La vita nuova – VII

 

La donna co la quale io avea tanto tempo celata la mia volontade, convenne che si partisse de la sopradetta cittade e andasse in paese molto lontano: per che io quasi sbigottito de la bella difesa che m’era venuta meno, assai me ne disconfortai, più che io medesimo non avrei creduto dinanzi. E pensando che se de la sua partita io non parlasse alquanto dolorosamente, le persone sarebbero accorte più tosto de lo mio nascondere, propuosi di farne alcuna lamentanza in uno sonetto; lo quale io scriverò, acciò che la mia donna fue immediata cagione di certe parole che ne lo sonetto sono, sì come appare a chi lo intende. E allora dissi questo sonetto, che comincia: "O voi che per la via".

 O voi, che per la via d’Amor passate,

 attendete e guardate

 s’elli è dolore alcun, quanto ‘l mio, grave;

 e prego sol ch’audir mi sofferiate,

 e poi imaginate

 s’io son d’ogni tormento ostale e chiave.
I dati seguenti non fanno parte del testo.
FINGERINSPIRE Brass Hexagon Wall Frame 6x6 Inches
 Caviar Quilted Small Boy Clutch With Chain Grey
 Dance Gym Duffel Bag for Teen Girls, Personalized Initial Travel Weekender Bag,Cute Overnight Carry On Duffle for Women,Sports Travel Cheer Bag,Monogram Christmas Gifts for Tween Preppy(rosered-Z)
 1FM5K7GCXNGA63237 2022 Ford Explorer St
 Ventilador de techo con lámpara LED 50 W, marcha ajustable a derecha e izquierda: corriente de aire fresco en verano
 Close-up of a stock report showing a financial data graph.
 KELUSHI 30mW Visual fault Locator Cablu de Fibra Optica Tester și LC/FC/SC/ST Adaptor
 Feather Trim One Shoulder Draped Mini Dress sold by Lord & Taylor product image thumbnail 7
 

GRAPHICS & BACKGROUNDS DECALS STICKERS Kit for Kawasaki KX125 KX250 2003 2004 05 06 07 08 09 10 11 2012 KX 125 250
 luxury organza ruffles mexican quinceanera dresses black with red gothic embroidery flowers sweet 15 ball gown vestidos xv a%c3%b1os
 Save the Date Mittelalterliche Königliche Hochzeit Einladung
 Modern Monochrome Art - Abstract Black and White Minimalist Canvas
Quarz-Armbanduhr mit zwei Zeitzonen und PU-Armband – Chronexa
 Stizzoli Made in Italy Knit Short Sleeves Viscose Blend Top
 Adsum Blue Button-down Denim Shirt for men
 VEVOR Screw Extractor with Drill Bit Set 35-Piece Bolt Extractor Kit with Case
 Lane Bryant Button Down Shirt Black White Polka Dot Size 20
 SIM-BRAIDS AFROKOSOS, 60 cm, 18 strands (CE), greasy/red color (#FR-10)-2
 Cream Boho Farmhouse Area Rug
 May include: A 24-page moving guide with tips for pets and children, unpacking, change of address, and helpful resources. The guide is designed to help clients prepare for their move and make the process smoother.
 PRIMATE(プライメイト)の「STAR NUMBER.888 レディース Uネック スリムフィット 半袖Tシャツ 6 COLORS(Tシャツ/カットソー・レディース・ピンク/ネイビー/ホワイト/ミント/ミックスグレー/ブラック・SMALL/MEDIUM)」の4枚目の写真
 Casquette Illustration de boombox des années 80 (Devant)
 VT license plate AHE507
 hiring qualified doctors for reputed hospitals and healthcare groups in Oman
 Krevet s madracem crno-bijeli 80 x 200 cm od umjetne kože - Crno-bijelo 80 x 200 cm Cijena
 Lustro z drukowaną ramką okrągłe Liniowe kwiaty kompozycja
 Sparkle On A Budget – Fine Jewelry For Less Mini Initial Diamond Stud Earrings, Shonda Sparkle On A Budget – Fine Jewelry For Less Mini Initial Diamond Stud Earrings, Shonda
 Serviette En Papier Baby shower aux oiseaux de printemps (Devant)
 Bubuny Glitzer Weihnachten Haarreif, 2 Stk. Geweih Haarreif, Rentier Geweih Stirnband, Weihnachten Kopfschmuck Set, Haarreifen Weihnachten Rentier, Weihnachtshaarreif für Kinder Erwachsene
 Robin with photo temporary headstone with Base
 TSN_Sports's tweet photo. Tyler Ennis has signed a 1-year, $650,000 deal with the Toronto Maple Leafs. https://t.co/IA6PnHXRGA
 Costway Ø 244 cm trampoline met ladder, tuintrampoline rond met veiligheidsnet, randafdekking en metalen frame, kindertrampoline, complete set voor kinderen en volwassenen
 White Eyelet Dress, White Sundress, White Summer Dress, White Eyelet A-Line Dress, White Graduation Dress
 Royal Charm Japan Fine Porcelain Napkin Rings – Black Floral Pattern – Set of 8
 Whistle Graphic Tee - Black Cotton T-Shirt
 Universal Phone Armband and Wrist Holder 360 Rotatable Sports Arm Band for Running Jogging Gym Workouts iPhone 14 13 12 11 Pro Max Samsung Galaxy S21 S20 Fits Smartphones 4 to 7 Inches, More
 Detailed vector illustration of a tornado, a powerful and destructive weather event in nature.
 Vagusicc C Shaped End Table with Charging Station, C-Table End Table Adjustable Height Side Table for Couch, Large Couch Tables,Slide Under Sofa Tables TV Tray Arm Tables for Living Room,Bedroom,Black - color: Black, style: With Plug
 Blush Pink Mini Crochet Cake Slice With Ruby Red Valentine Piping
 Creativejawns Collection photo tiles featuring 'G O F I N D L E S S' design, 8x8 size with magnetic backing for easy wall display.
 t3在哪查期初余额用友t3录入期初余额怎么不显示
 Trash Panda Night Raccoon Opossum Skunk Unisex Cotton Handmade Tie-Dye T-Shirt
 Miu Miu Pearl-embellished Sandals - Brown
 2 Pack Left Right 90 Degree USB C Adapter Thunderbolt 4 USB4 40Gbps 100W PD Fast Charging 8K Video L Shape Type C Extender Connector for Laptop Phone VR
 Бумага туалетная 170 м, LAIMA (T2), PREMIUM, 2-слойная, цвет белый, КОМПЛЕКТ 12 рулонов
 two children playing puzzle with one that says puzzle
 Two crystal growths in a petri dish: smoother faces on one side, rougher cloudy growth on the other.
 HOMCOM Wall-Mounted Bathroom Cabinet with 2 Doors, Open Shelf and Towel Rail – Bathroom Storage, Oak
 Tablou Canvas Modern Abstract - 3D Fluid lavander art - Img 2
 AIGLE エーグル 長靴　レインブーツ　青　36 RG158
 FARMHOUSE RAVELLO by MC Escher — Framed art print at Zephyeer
 Amor, non già per mia poca bontate,

 ma per sua nobiltate,

 mi pose in vita sì dolce e soave,

 ch’io mi sentia dir dietro spesse fiate:

 "Deo, per qual dignitate

 così leggiadro questi lo core have?"

 Or ho perduta tutta mia baldanza,

 che si movea d’amoroso tesoro;

 ond’io pover dimoro,

 in guisa che di dir mi ven dottanza.

 Sì che volendo far come coloro

 che per vergogna celan lor mancanza,

 di fuor mostro allegranza,

 e dentro dallo core struggo e ploro.

 Questo sonetto ha due parti principali; che ne la prima intendo chiamare li fedeli d’Amore per quelle parole di Geremia profeta che dicono: "O vos omnes qui transitis per viam, attendite et videte si est dolor sicut dolor meus", e pregare che mi sofferino d’audire; nella seconda narro là ove Amore m’avea posto, con altro intendimento che l’estreme parti del sonetto non mostrano, e dico che io hoe ciò perduto. La seconda parte comincia quivi: "Amor, non già".